Which is why the idea that bankruptcy is an option, not something that is forced on people in a bad financial situation, surprises a lot of people. Why would you voluntarily choose to be bankrupt?
Well, the reason is that struggling with debt is also a bad place to be in. When you have creditors chasing you, the threat of legal action looming over you and it starts to become a choice between paying your bills and feeding your family, it’s hard to see how things can get any worse. It makes people ill.
When you reach that stage, bankruptcy doesn’t look like hitting rock bottom. It’s actually a way to solve your problems.
Still, even in the worst financial situations, declaring yourself bankrupt is a big decision. It does offer a solution, but there are repercussions. Here are the pros and cons.
Benefits of bankruptcy
The main reason for anyone to declare themselves bankrupt is that it provides a means to wipe off debts. If you see no realistic way of being able to pay them off otherwise, this has massive appeal.
Filing for bankruptcy is a legal process that puts an insolvency practitioner (known as a trustee) in charge of your financial affairs for a specified period, usually 12 months. Even that can feel like a relief. After all the worry and stress of wondering how you are going to claw your way out of debt, often while your financial situation just gets worse and worse, handing over the reins to a professional can be a big weight off your shoulders.
Plus, as soon as you are declared bankrupt, that ceases all creditor action against you. They cannot threaten you with debt collectors, they cannot pursue their claim through the courts. They deal only with the trustee, who takes responsibility for consolidating your debts and renegotiating payment terms as required.
During the main bankruptcy period, you cannot run a business and you cannot take out new lines of credit worth more than £500. But once it ends, you are given a fresh financial start, including most of your major outstanding debts being written off.
Aside from the undeniable stigma that surrounds bankruptcy, the biggest disadvantage is that you lose control of your finances and your assets for the duration of the bankruptcy period. Your bank accounts are closed down, you will only be given a portion of your earnings necessary to live on. Everything, money in the bank, personal belongings, your home, any business stakes you have – all are now controlled by the trustee. And most significantly, they can decide to use these assets to pay off your debts.
There are exceptions. If you need a car to travel to work, you can keep it. Nothing in the name of a spouse or partner can be taken. But you risk losing everything else as the trustee seeks to satisfy your creditors as far as possible.
Bankruptcy does not clear all debts, either.
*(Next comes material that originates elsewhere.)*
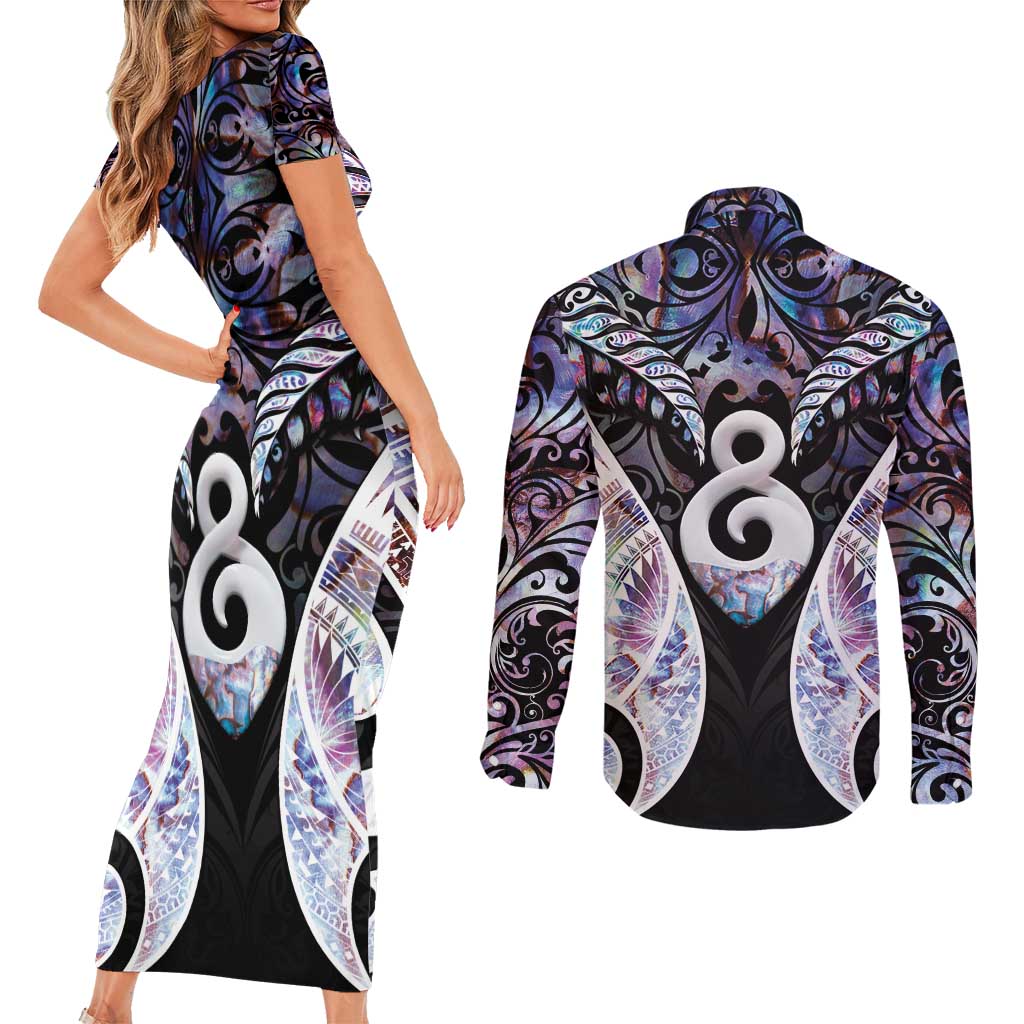 New Zealand Aotearoa Couples Matching Short Sleeve Bodycon Dress and Long Sleeve Button Shirt Pikorua Single Twist Pink Paua Shell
Tax debts, student loans and child support payments are examples that cannot be cleared by declaring bankruptcy.
Certain aspects of the bankruptcy will also last longer than the main period. If you are made subject of an income payment order, which specifies that a portion of your income must go to servicing your debts, this can last for up to three years. And bankruptcy will affect your credit score, making it harder and more expensive to get credit for six years, after which your bankruptcy will be fully discharged and no longer appear on your records.